■ WORK REQUIRED ■
In the material below, find the line containing "Edox Men's 'Delfin'" and the line containing "Found Varsity-Style Jacket". Output those two lines and all lines between them exactly, without pictures.

**** DATA

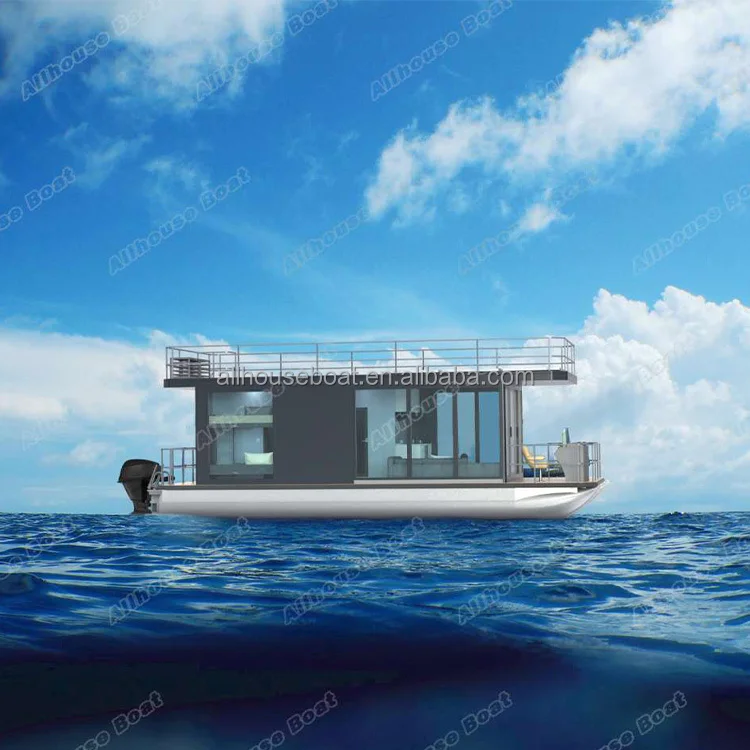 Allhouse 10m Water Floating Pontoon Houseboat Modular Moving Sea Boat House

********
**** DATA

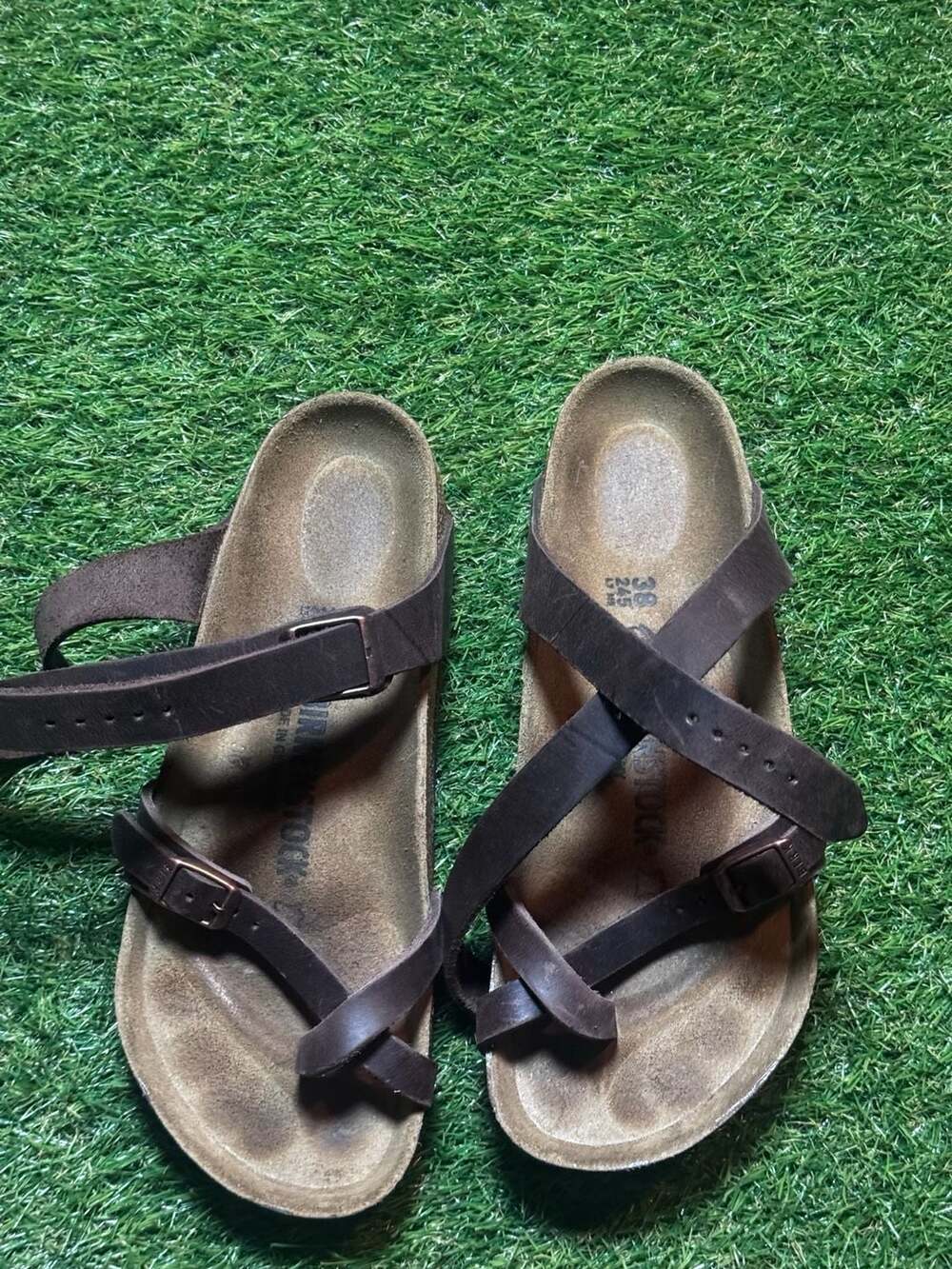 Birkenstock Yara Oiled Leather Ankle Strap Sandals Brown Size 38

********
**** DATA

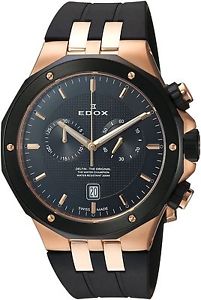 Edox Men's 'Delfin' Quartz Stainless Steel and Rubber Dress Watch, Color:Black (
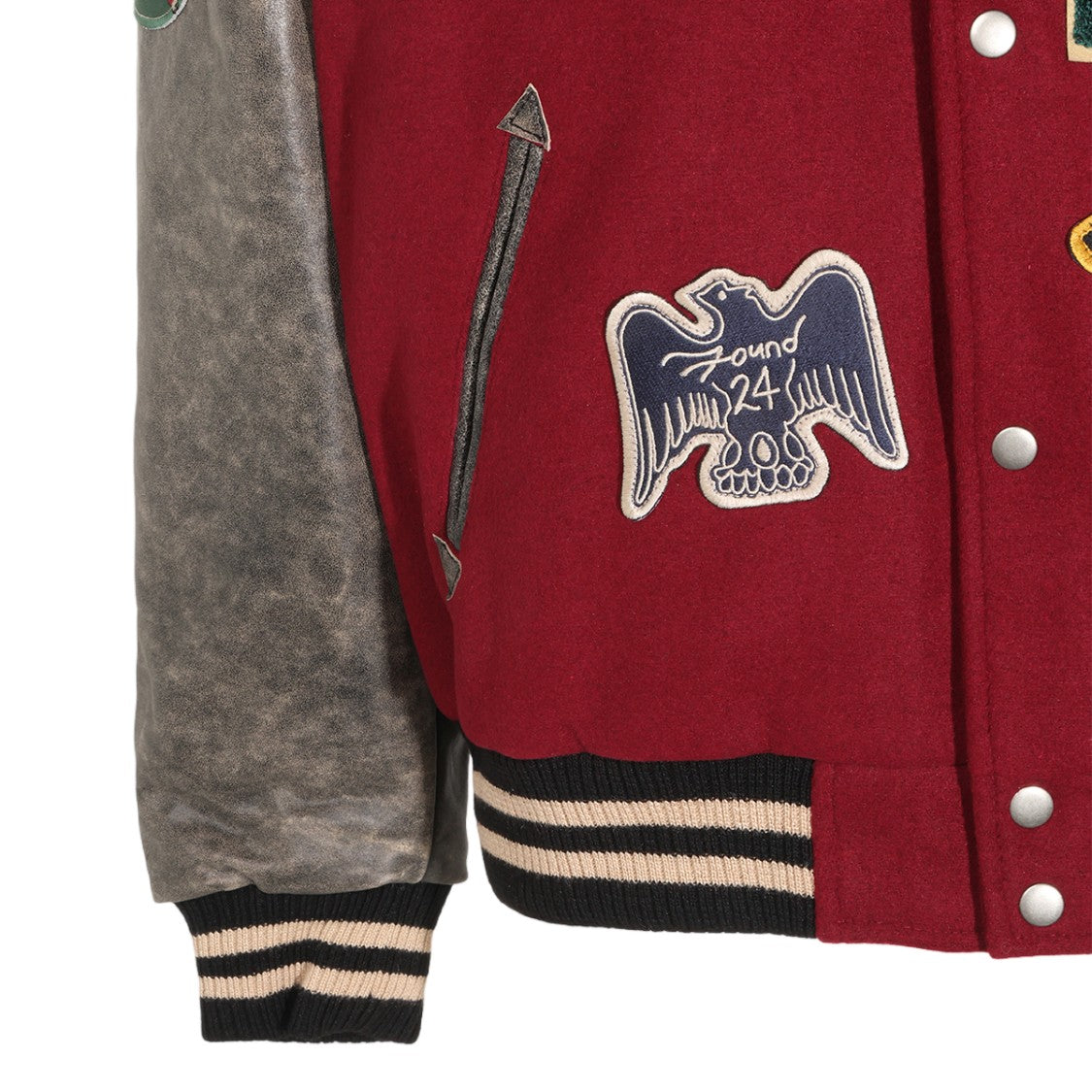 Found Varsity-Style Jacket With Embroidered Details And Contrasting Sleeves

********

■ ANSWER ■
 Edox Men's 'Delfin' Quartz Stainless Steel and Rubber Dress Watch, Color:Black (
 Found Varsity-Style Jacket With Embroidered Details And Contrasting Sleeves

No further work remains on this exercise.